Finally, from a distance, from the edge of the desert, I hear the singing and know I’m not lost.  I had been walking for about 15 minutes through the empty streets of Mitzpe Ramon, looking, a bit worried, for the party. It’s a tiny town, Mitzpe Ramon, 5,000 people, in the middle of the Negev desert, built on the edge of the fantastic Ramon_Crater,  the largest such geological site in the world. Tourism is one of the town’s major industries (the nearby air force base coming in second). But I didn’t come here to tour the natural landscape – I came to meet local educators and learn about the theories and practices, obstacles and opportunities that guide the educational visions that guide this peripheral, diverse and interesting town.  The 2 day study tour was organized and led by the Mandel Leadership Institute, as the final program at the end of a full year of studies. We were a busload – about 60, a motley crew – educators, entrepreneurs, local leaders and social activists, mostly Israelis, a few from the US.  After check in at Mitzpe Ramon’s only hotel we headed right into dinner and a program. Afterwards, I sit in the hotel lobby chatting with some of the other folks, when D. txts, with the directions to the informal, impromptu party on the cliffs of the crater’s edge.  It was past midnight and everybody else was too tired but I wanted to go and there I was on this little adventure, into the dark, silent streets of the sleeping city, in search of the edge.

It’s a short walk from the hotel to the crater’s edge, but at this weird hour, in the empty streets, the heat still oppressive, a million stars overhead, and no clear directions – I felt like I was walking through a giant movie set, closed for the night  –a horror movie with aliens. I was just starting to suspect that I’m actually lost and that I won’t find them and-at-least-I’m-having-a-nice-walk – when, faint at first, I hear voices – singing, laughing – and there they were, right on the edge of the crater. The wind was strong there, the crater opening like a vast dark empty ocean; two guitars playing, a bottle of scotch going around, little clusters of people, a big group sitting and singing a Beatles medley.
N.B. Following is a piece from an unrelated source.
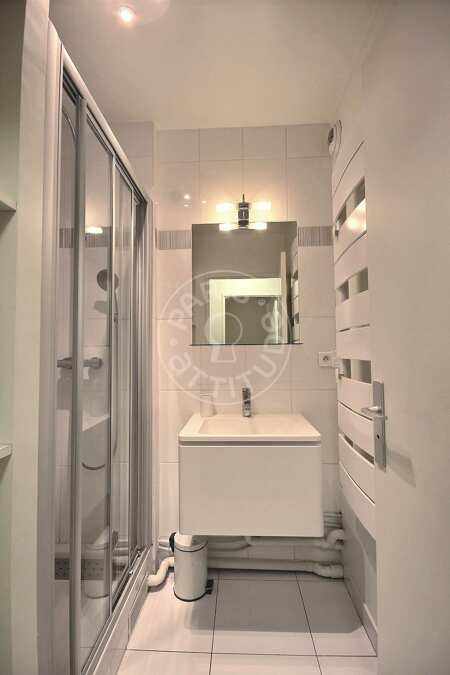 Salle de bain Appartement meublé - 46m²  - 1 chambre - Batignolles - Paris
The scotch must have helped, and the fact that this for many of us was the final night of a great and rigorous year of research and studies, and the presence of the crater – we sang, furiously, ecstatic, for a while, anyway. When we got to “Imagine”, everybody who was there somehow joined, and the singing got louder, and one by one people got up, and a circle was, casually, formed. Everybody knew the words. We sang and giggled and danced a little and took pictures. Later we walked back to the hotel through the empty streets, still singing (by then, ballads by Duran Duran. )
There’s something totally vulnerable and intimate and silly and sacred about singing with a bunch of people – certainly when some, or most of them, are in some sort of ‘professional’ and ‘academic’ context. Singing ‘Imagine’ with this bunch of people was like a moment of prayer – a spontaneous call to hope and happiness – using the familiar liturgies of our generation.
All generations sing their songs. Once, in another desert, not too far away from where we were sitting, the generation that left Egypt sang a song to the well.  It’s an obscure and lovely biblical song, found in this week’s Torah episode, ‘Chukat’, at the end of chapter 21, right after a plague and just before a war.
“Then Israel sang this song: Rise up, O well—sing to her!   A well dug by princes, carved by the leaders,
With scepters, with their own staffs.” (Num. 21 17-18)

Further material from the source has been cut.